COLLECTED MATERIAL:
----
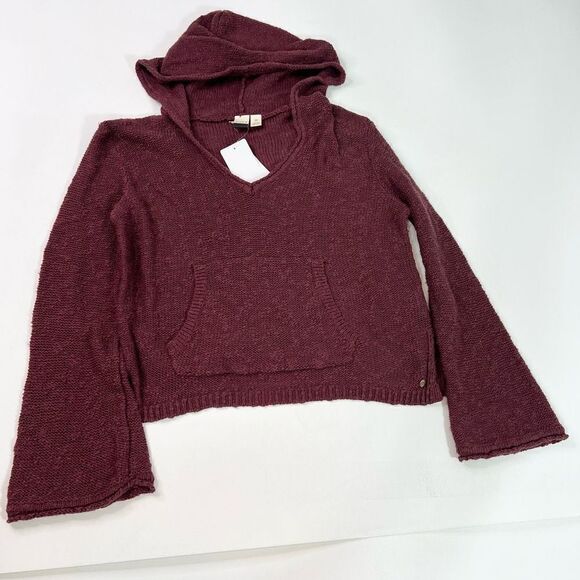 Roxy Hang With Me Sweater Womens Small Burgundy Open Knit Pullover Hooded - Picture 1 of 11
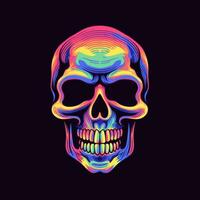 skull head neon icon logo halloween cute scary bright illustration tattoo isolated vector photo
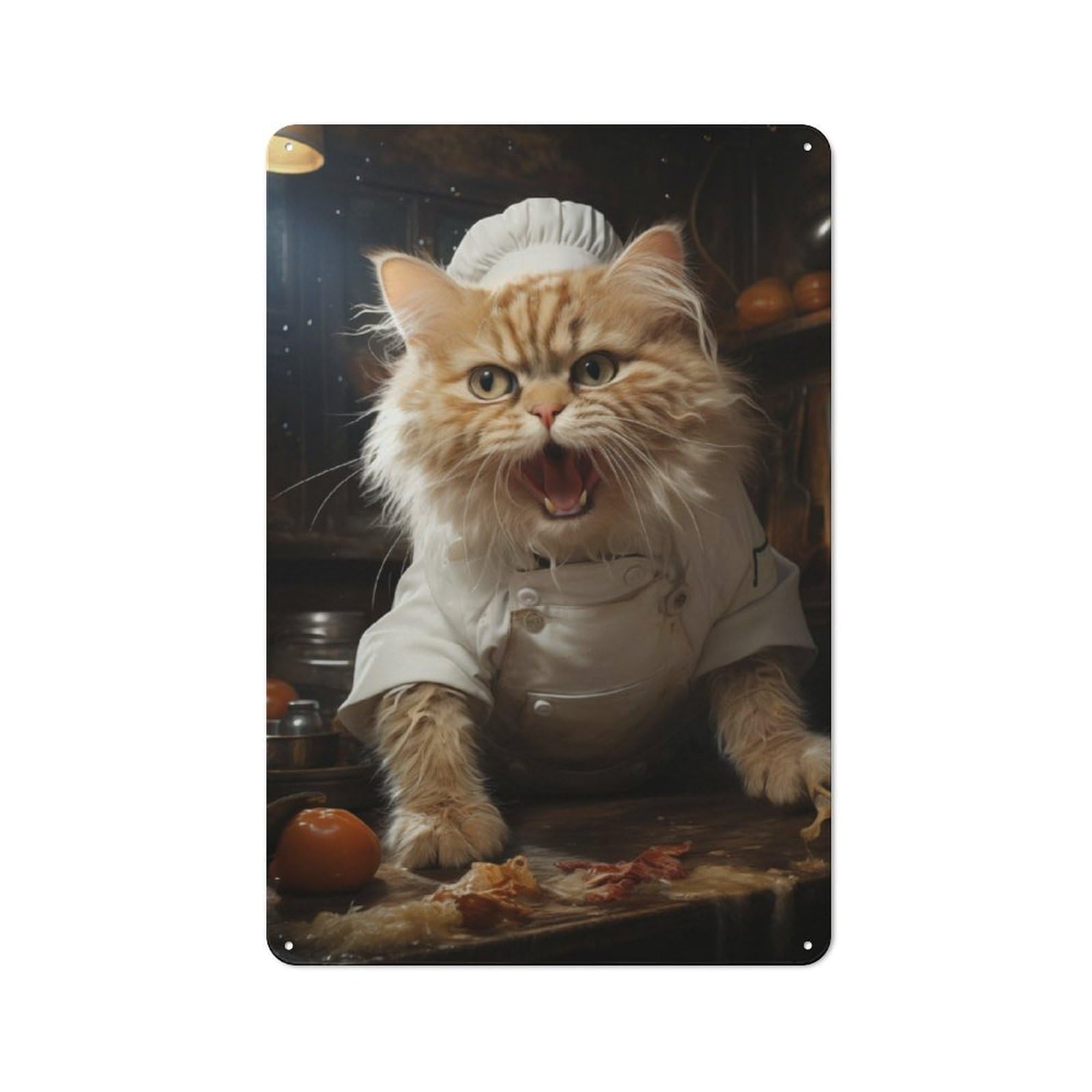 Junmoney Angry Chef Cat Cooking Rustic Tin Sign 30X20cm For Pub Or Café, For Collectors Building A Themed Wall Display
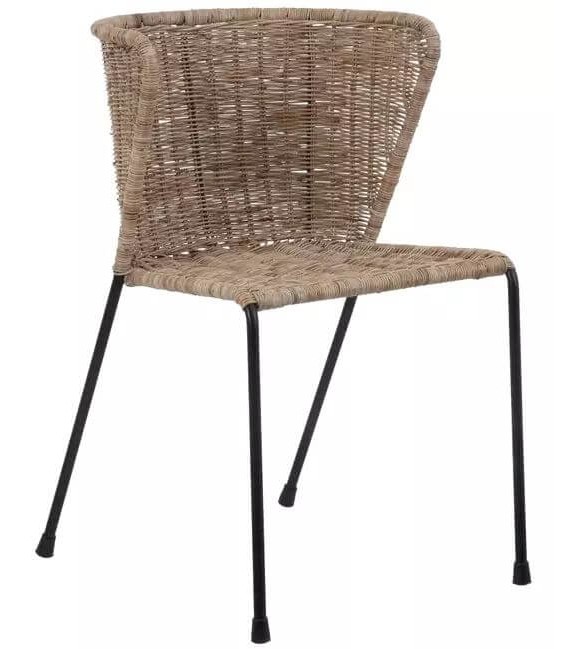 SILLA 50 X 54 X 77 LALUA RATAN NATURAL METAL NEGRO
----
DESCRIPTION OF THE TASK: Exact reproduction is required for the lines from the one containing "skull head neon" through the end of the material, and for those lines only, without pictures.

ANSWER SPACE:
 skull head neon icon logo halloween cute scary bright illustration tattoo isolated vector photo
 Junmoney Angry Chef Cat Cooking Rustic Tin Sign 30X20cm For Pub Or Café, For Collectors Building A Themed Wall Display
 SILLA 50 X 54 X 77 LALUA RATAN NATURAL METAL NEGRO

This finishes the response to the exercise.